## What you will do
Your copy should hold only the lines from the one with "וילה מול האגמון" to the one with "1 bedroom, premium", both included, each exactly as it stands below, with no pictures.

## Material for this exercise
╭──

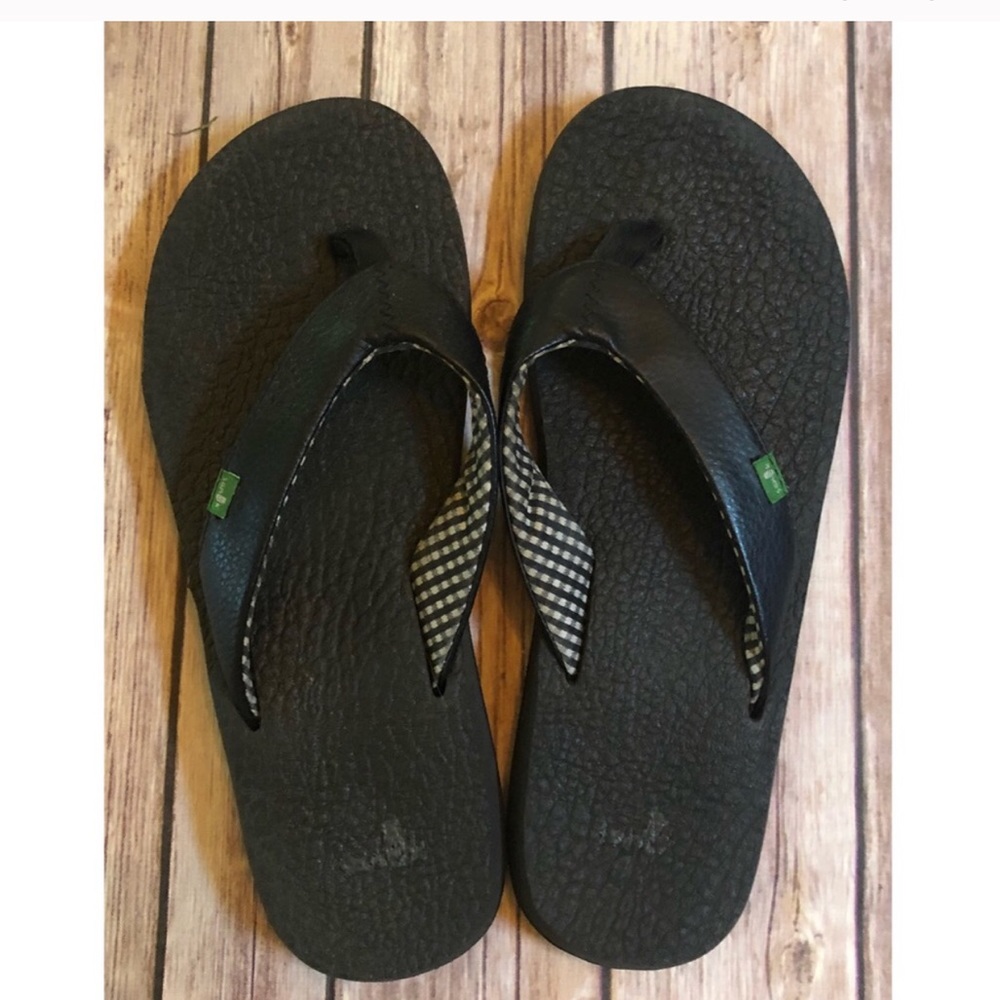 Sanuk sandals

╰──
╭──

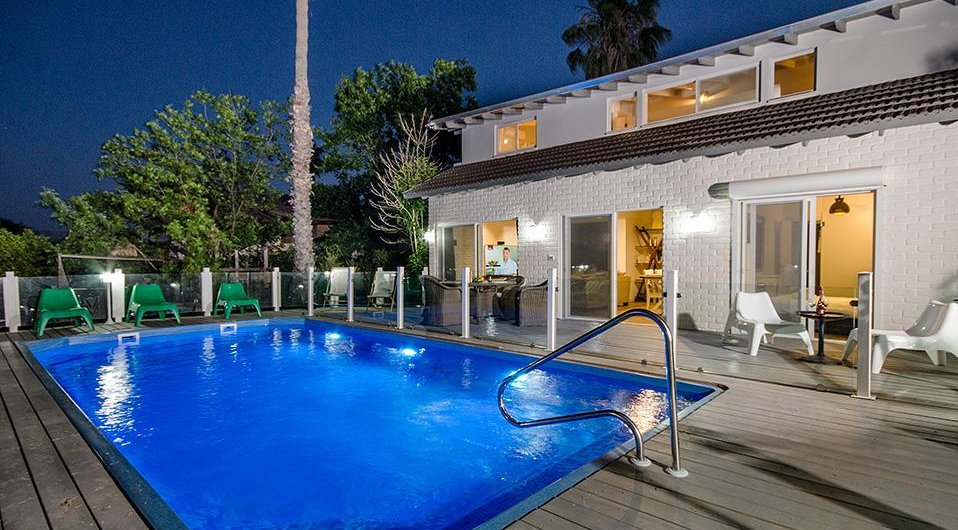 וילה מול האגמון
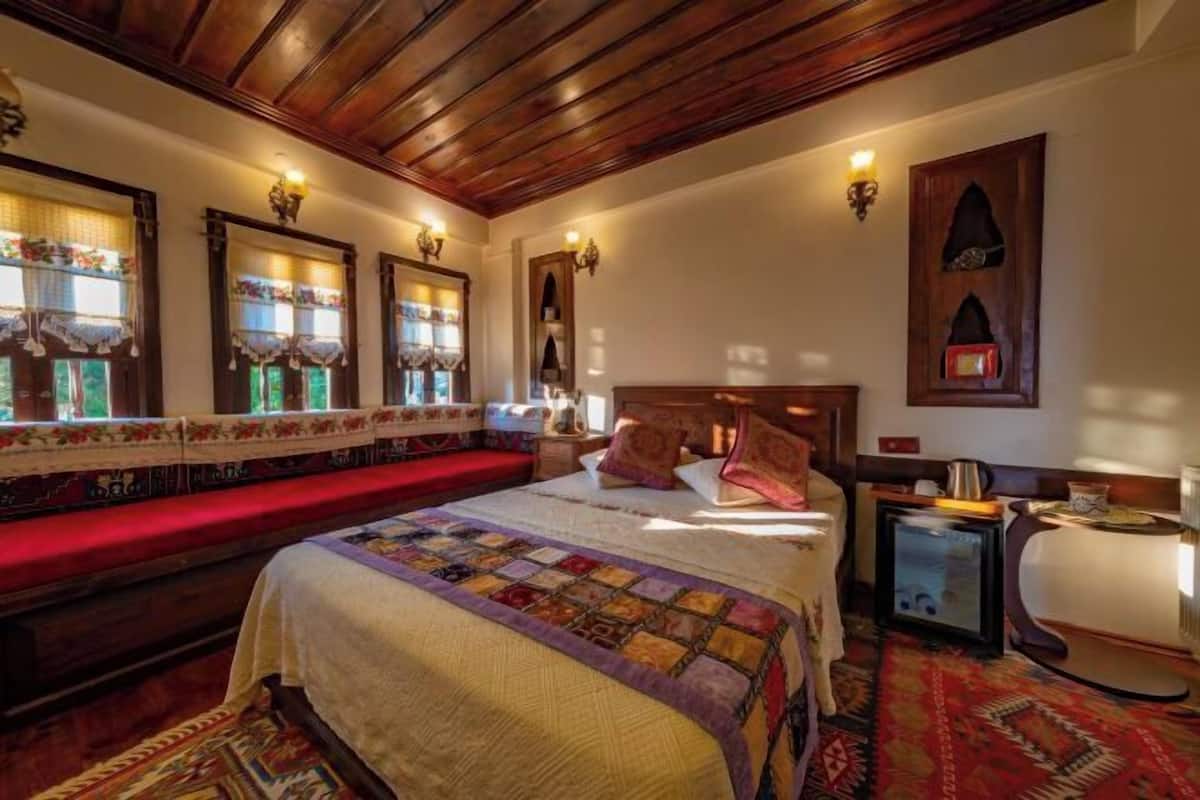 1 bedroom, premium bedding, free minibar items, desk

╰──

## Written response
 וילה מול האגמון
 1 bedroom, premium bedding, free minibar items, desk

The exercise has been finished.